Opioid Crisis Contributes to Increased Heart, Lung Transplants


From 2000 to 2016, the proportion of organ donors who died of drug intoxication increased from 1.2% to 13.7% in the US.

Mandeep R. Mehra, MD

Mandeep R. Mehra, MD

From 2000 to 2016, the growing US opioid crisis contributed to an increase in organ transplants from donors dying of drug intoxication.

Investigators at Brigham and Women’s Hospital, Boston, MA and University of Utah, Salt Lake City, found that patients who received transplants from donors who died of drug intoxication did as well as patients who received transplants from other donors. The team specifically looked at heart and lung transplants as these are especially sensitive to the restricted blood supply common in people who die of drug intoxication.

"We wanted to understand the impact of the drug abuse epidemic on the most vulnerable segments of organ transplants, which include heart and lung organs," said Mandeep R. Mehra, MD, executive director of the Center for Advanced Heart Disease and medical director of the Heart & Vascular Center at BWH.

Researchers found an approximately 11-fold increase in the proportion of organ donors who died of drug intoxication in the US. These donors increased from 59 (1.2%) in the year 2000 to 1029 (13.7%) in the year 2016 (P <.001). Most of the increase in US organ transplants over the last 5 years came from this shift.

In contrast, the European countries included in the study had no significant change in the proportion or numbers of donor who died from drug intoxication during the same years.

"We were curious to understand if the drug-abuse epidemic is affecting organ donations globally or if this effect is restricted to the United States,” said Mehra. “We were surprised to find that this is a US issue and not at all seen in the European transplant experience."

The researchers compared 1-year survival rates for patients who received a heart or lung transplant from donors who died of drug intoxication with recipients who received a heart or lung from donors who died from blunt head injury.

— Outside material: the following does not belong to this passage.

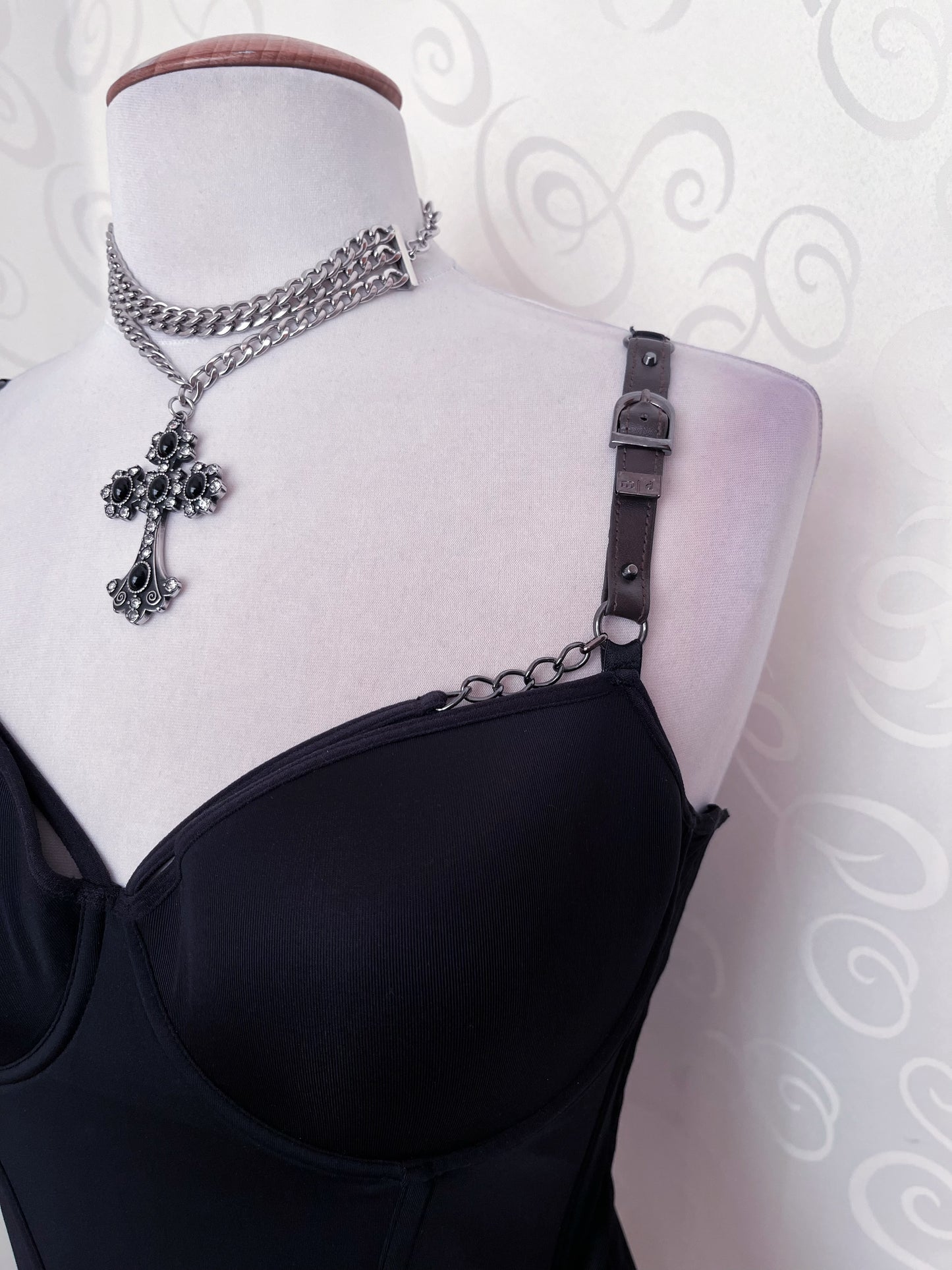Gothic black corset top with cut-out back detail 🖤🦇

After adjusting for baseline characteristics, they noted no significant differences between the groups (for heart transplantation: hazard ratio, 0.85; 95% CI, 0.71 to 1.02; P = 0.07; for lung transplantation: hazard ratio, 0.87; 95% CI, 0.72 to 1.06; P = 0.17).

Mehra raised the point that as the opioid crisis begins to be addressed, fewer organs will be available for transplants from donors who died due to opioid intoxication. He emphasized the need for other options to increase the availability of organs for transplants.

"It's important to remember that while more people are receiving the gift of life, other lives are being lost," said Mehra. "Instead of scientific advancements driving an increase in the pool of available organs, this increase is driven by a crisis, and we cannot rely on this as a source indefinitely. As efforts in health policy to overcome this crisis take root, the transplant community must turn to sustainable ways to increase organ donor recovery."

In recent years, one pathway that has increased the availability of organs has been using organs from HIV+ donors for HIV+ recipients. Until 2013, the US did not permit transplants from HIV+ donors, even to HIV+ recipients. Even research and testing of these transplants were prohibited.

Those restrictions ended when President Obama signed the HIV Organ Policy Equity (HOPE) Act into law in 2013. However, it wasn’t until 2016 that a medical team at Johns Hopkins Medicine in Baltimore, Maryland performed historic liver and kidney transplants from HIV+ donors.

This letter was published in the New England Journal of Medicine in May 2018.